* [Task statement] From the first line to the last, copy the listing exactly and omit the pictures.

* [Source information]
┌──

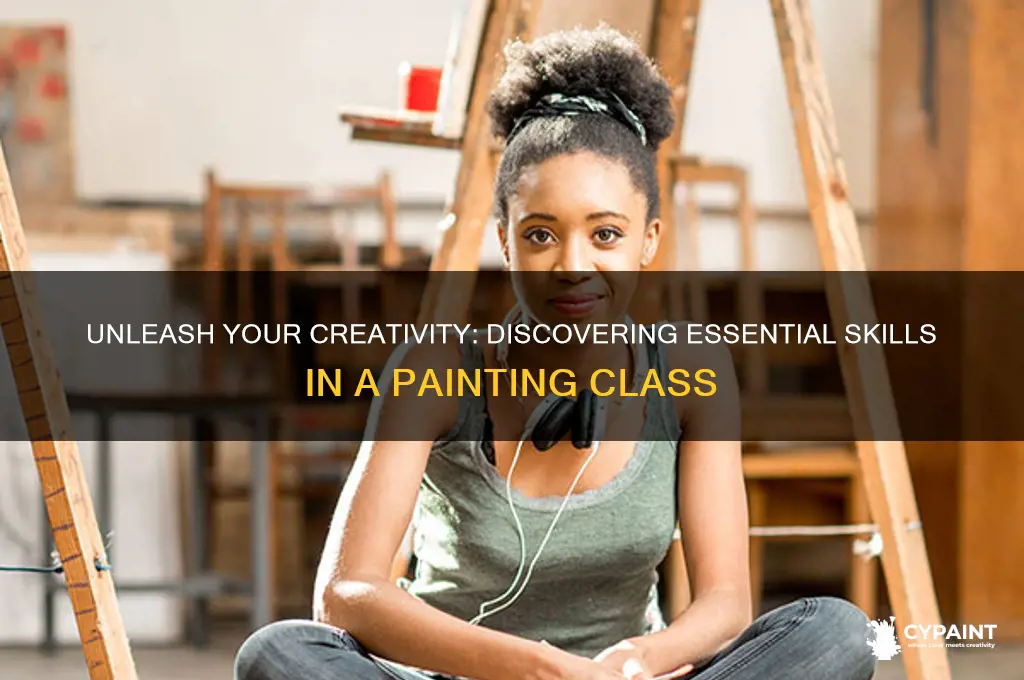 what do you learn in a painting class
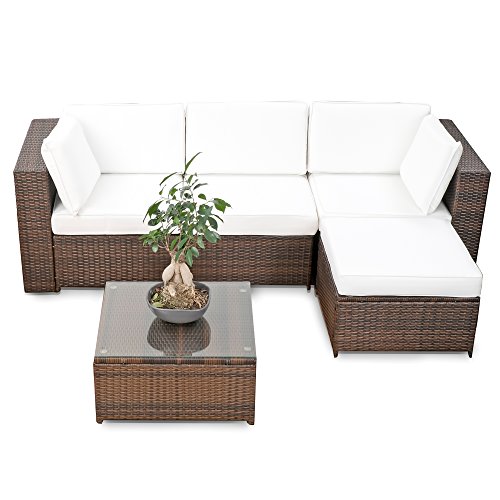Napo Polyrattan Schwarz Gartenmobel Rattan Lounge Gartenset Sitzgruppe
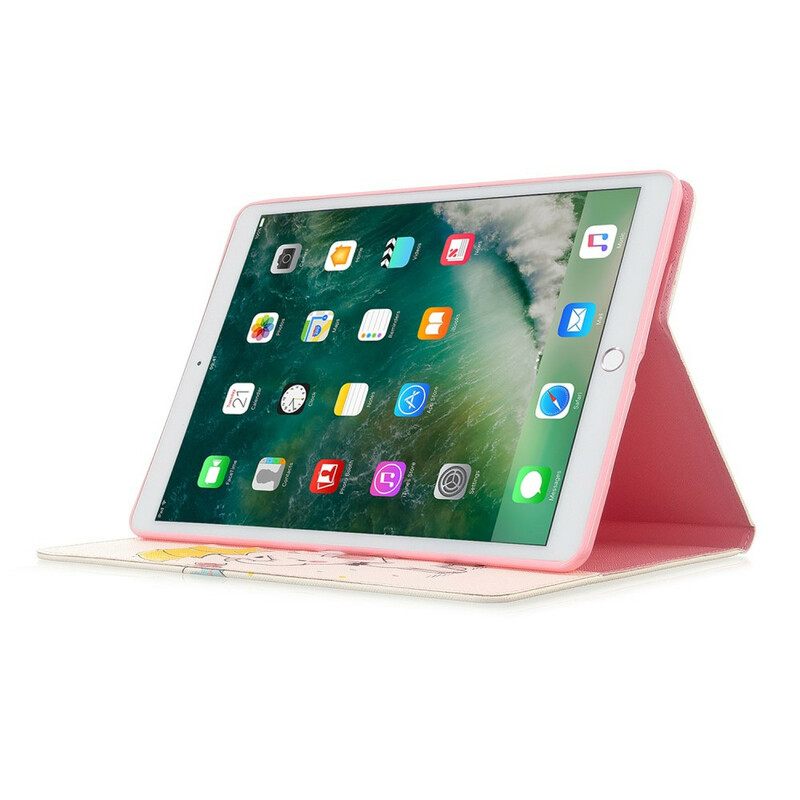 δερματινη θηκη iPad 10.2" (2020) (2019) / Air 10.5" / Pro 10.5" Ελέφαντας Στη Βροχή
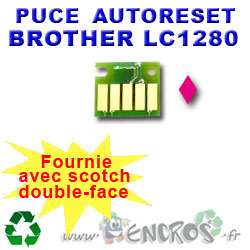Puce Auto-Reset Jaune BROTHER LC1280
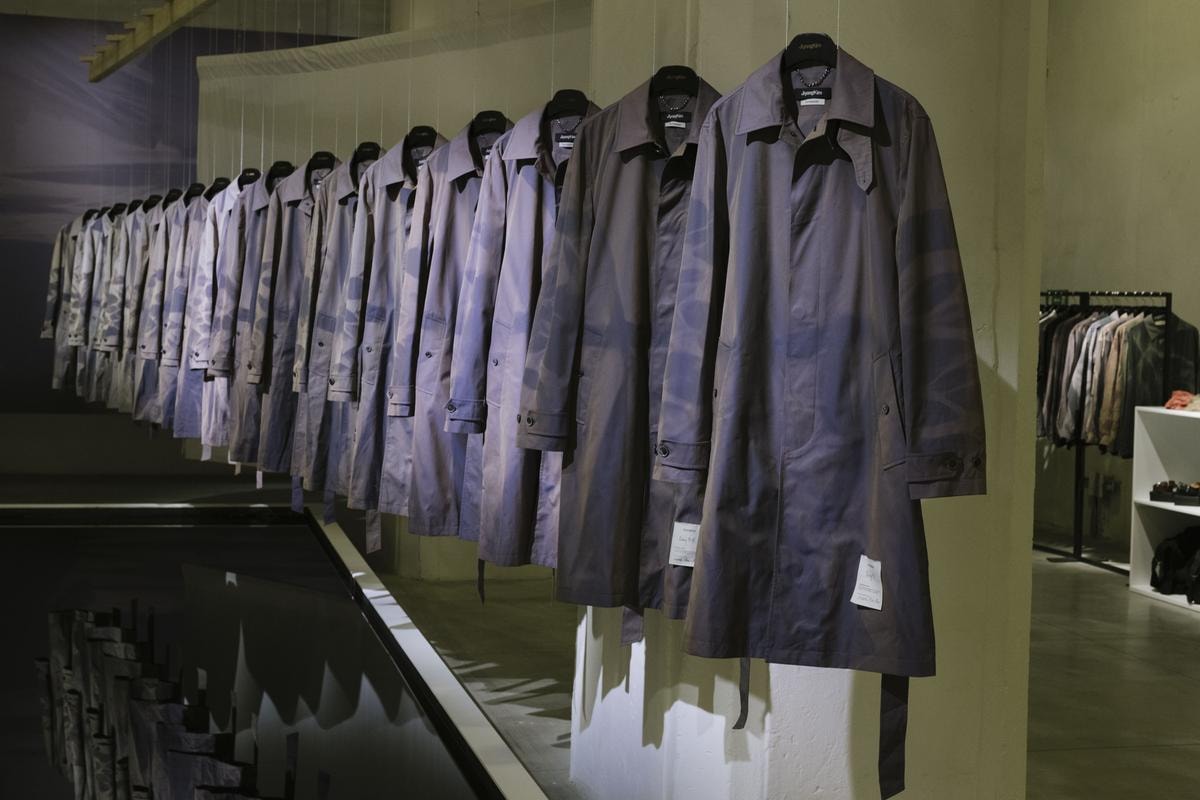 Un'immagine dell'installazione di JiyoungKim a Pitti uomo (courtesy Pitti immagine)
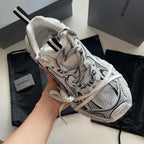 Caged Panel Runner Beige Sneakers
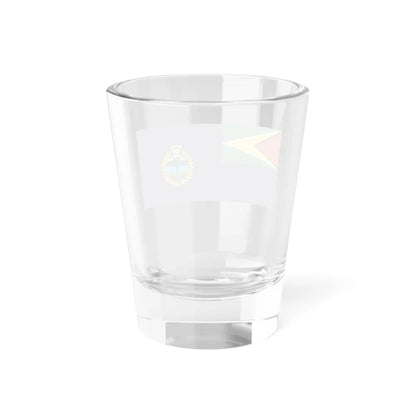 GDF Coast Guard flag variant (Guyana) Shot Glass 1.5oz - Go Mug Yourself
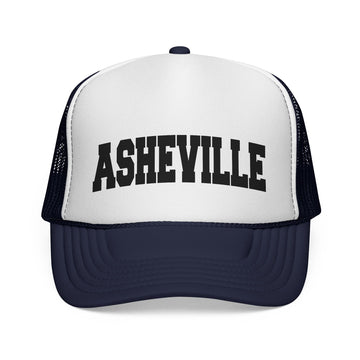 Buy dark-navy Asheville, North Carolina Collegiate Style Trucker Hat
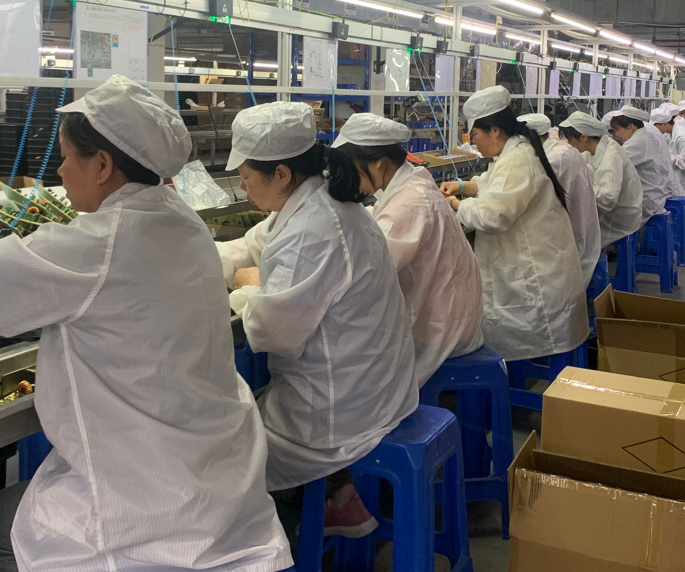 Factory Display Professional assembly line and ins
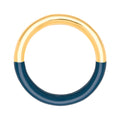 Double Color Ring guldpläterad - Gold/Retro Dark Blue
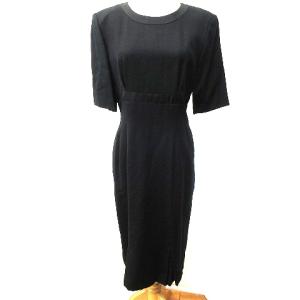 Christian Dior ヴィンテージ シルク 11号 スーツ 黒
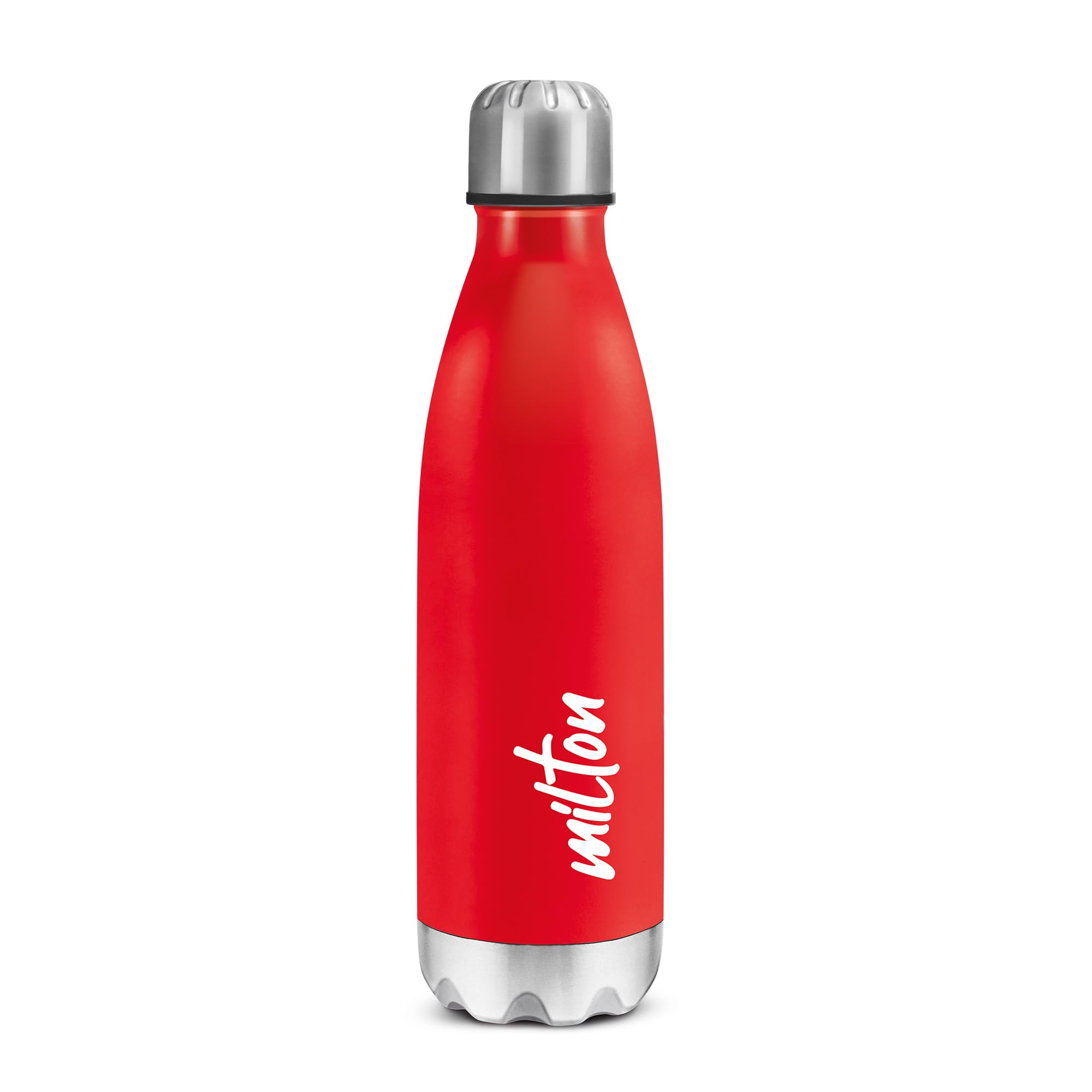 MILTON Shine 800 Stainless Steel Water Bottle, 700 ml, Red | Single walled | Leak Proof | Easy Grip | Easy to Carry | Gym Bottle | Home | Kitchen | Hiking | Treking Bottle | Travel Bottle (B0C74M4KVW) Amazon Price History, Amazon Price Tracker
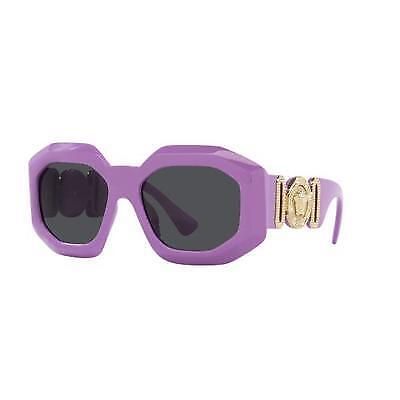 NEW Versace VE4424U-536687-56 Purple Sunglasses 8056597697170 | eBay | eBay US
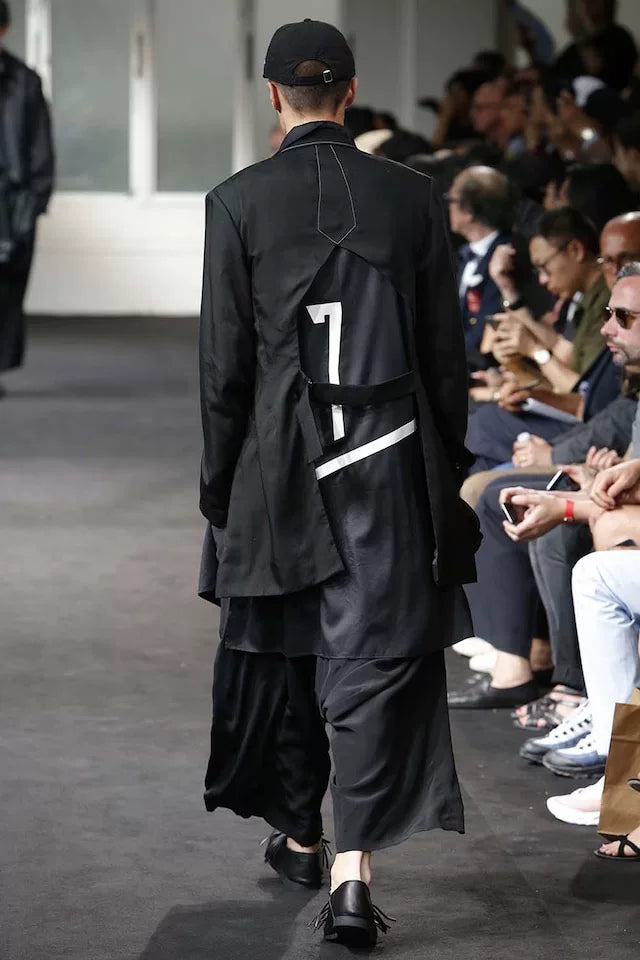 Yohji Yamamoto Black Cutout Suit Jacket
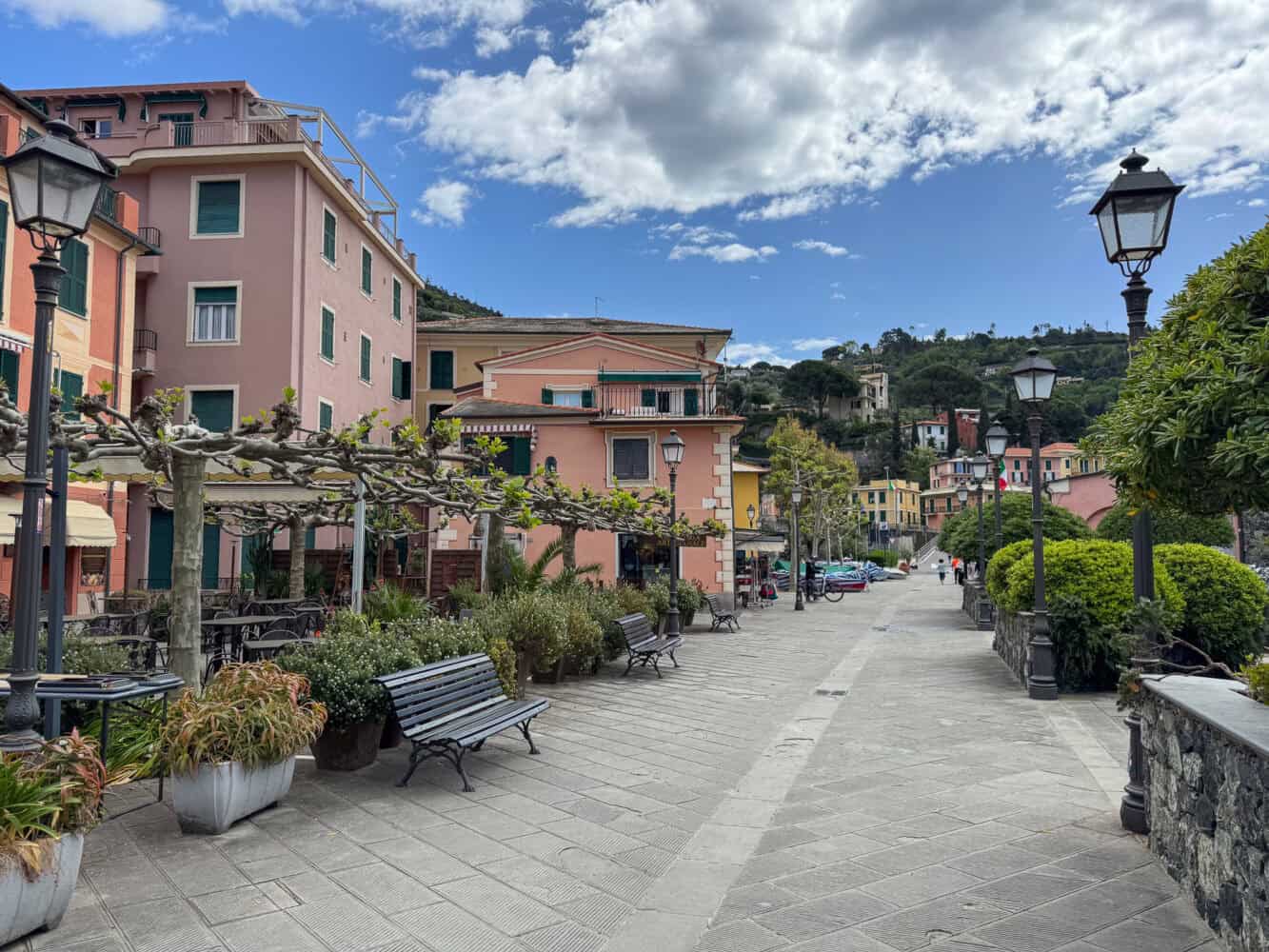 Bonassola town in Italy.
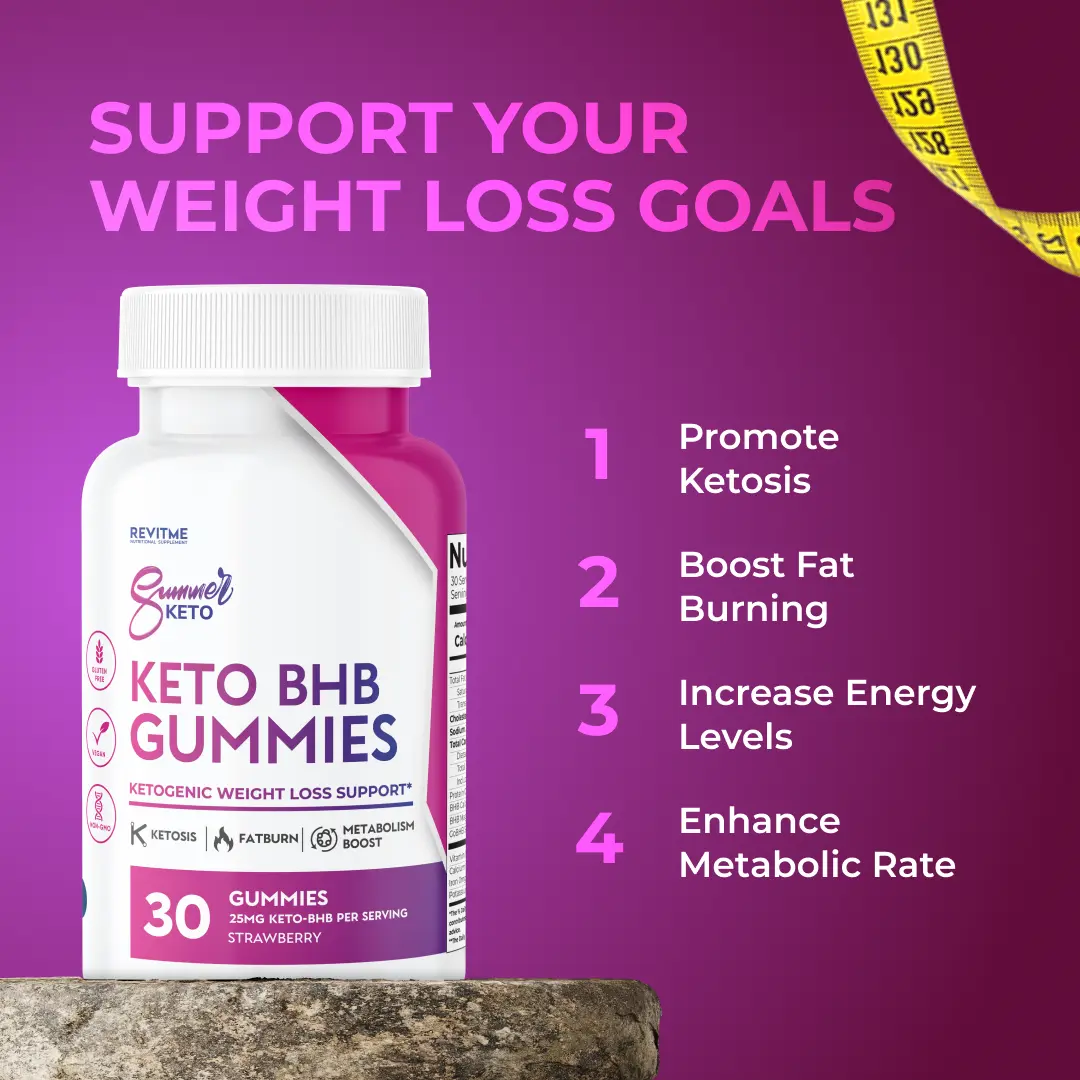 Keto BHB Gummies by Revitme RevitMe - Supplements Store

└──

* [Answer for the task]
 what do you learn in a painting class
Napo Polyrattan Schwarz Gartenmobel Rattan Lounge Gartenset Sitzgruppe
 δερματινη θηκη iPad 10.2" (2020) (2019) / Air 10.5" / Pro 10.5" Ελέφαντας Στη Βροχή
Puce Auto-Reset Jaune BROTHER LC1280
 Un'immagine dell'installazione di JiyoungKim a Pitti uomo (courtesy Pitti immagine)
 Caged Panel Runner Beige Sneakers
 GDF Coast Guard flag variant (Guyana) Shot Glass 1.5oz - Go Mug Yourself
 Buy dark-navy Asheville, North Carolina Collegiate Style Trucker Hat
 Factory Display Professional assembly line and ins
 Double Color Ring guldpläterad - Gold/Retro Dark Blue
 Christian Dior ヴィンテージ シルク 11号 スーツ 黒
 MILTON Shine 800 Stainless Steel Water Bottle, 700 ml, Red | Single walled | Leak Proof | Easy Grip | Easy to Carry | Gym Bottle | Home | Kitchen | Hiking | Treking Bottle | Travel Bottle (B0C74M4KVW) Amazon Price History, Amazon Price Tracker
 NEW Versace VE4424U-536687-56 Purple Sunglasses 8056597697170 | eBay | eBay US
 Yohji Yamamoto Black Cutout Suit Jacket
 Bonassola town in Italy.
 Keto BHB Gummies by Revitme RevitMe - Supplements Store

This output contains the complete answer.